海外の作品は、往々にして日本人の感覚に合わない場合がある。
この作品が思いっきりそれだった。
アダム・クーパーも他の演者も素晴らしいダンサーだしセリフ回しも素晴らしい、演奏も舞台装置の芸術性も高い。すべてにおいて本当に素晴らしく、これを日本で見られるのは贅沢だと思う。脚本を除いては。
脚本と言っても、ウィキペディアで調べるとそもそもこの話自体が、私が見た筋なので改変しているわけでもない。
そう、これをもともと作ったフランスとも、本舞台の作成にあたったイギリスとも日本人の感覚が違うということではないかと。

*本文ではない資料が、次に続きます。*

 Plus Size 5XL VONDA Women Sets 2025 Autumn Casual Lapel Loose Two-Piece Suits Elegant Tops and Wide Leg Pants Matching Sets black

と言っても、最後の終わり方が「へ?」ってかんじなだけですがね。
以下、ネタバレしてご説明。
↓↓ネタバレ注意
~ストーリー~
兵士は休暇を取って故郷へ帰る道すがら、悪魔に誘惑されて魂のヴァイオリンと魔法の本を引き換えにしてしまう。しかし、字の読めない兵士は悪魔に字を教えてもらう代わりにヴァイオリンの弾き方を教えるため、素晴らしい夢のような場所で三日間を過ごす。
しかし、じつは3日は3年だったのだ。母も婚約者も村人たちも、みんな兵士を幽霊のような目で見て忌み嫌った。しかも婚約者は別の男と結婚して子供も作っていた。
失意に暮れた兵士は村を出て、魔法の本を使って金儲けをする。
魔法の本は債権・相場・株・金などの未来の価格を書いてあったり、商売を成功させるためのことが書いてあったのだ。
だが、兵士は金に不自由しない生活を送っていても幸せではなかった。
兵士は本を捨てて旅に出る。
なんだかんだあって旅先でであった王女と結ばれるのだが、悪魔が「この国にいるときだけの幸せだ。一歩でも国を出たら分かってるな」と呪いをかける。
話を回す兵士によりそう男が言う。
「ひとつの幸せはあっても、ふたつの幸せはない」(みたいな意味)
幸せに暮らしていた二人だが、王女が問う。「あなたの過去は?」
そして王女が言う。「あなたの村に帰りましょう」
悪魔の呪いが気になって、はじめは拒否した兵士だが、望郷の思いは断ち切れず国の外に出てしまう。
たちまち悪魔が現れ、王女もヴァイオリンも何もかも奪い去り、兵士は悪魔に穴にヴァイオリンとともに落とされる。
で、おわり。
落とされた後、何のセリフも説明もなく役者が居なくなって終わる。
終わりが分からないから観客は拍手しない、出来ない。それで指揮者が拍手しだしたので初めて観客は困惑しながら拍手すると言う・・・。
やみーがひーろがーる♪
ならず、とまーどいがひーろーがーる♪な会場。戸惑いが広がるのが肌で感じられるのってそうないですな。
まあ、バレエも音楽も最高ですので、別に悪いわけではないです。最後さえ納得のいく終わり方ならむしろ最高の舞台です。
あと、ミュージカルとは違う、バレエとも違う、バレエと芝居と音楽の融合と言うのは初めてで新鮮でした。
バレエ好きの方はお勧めですよ。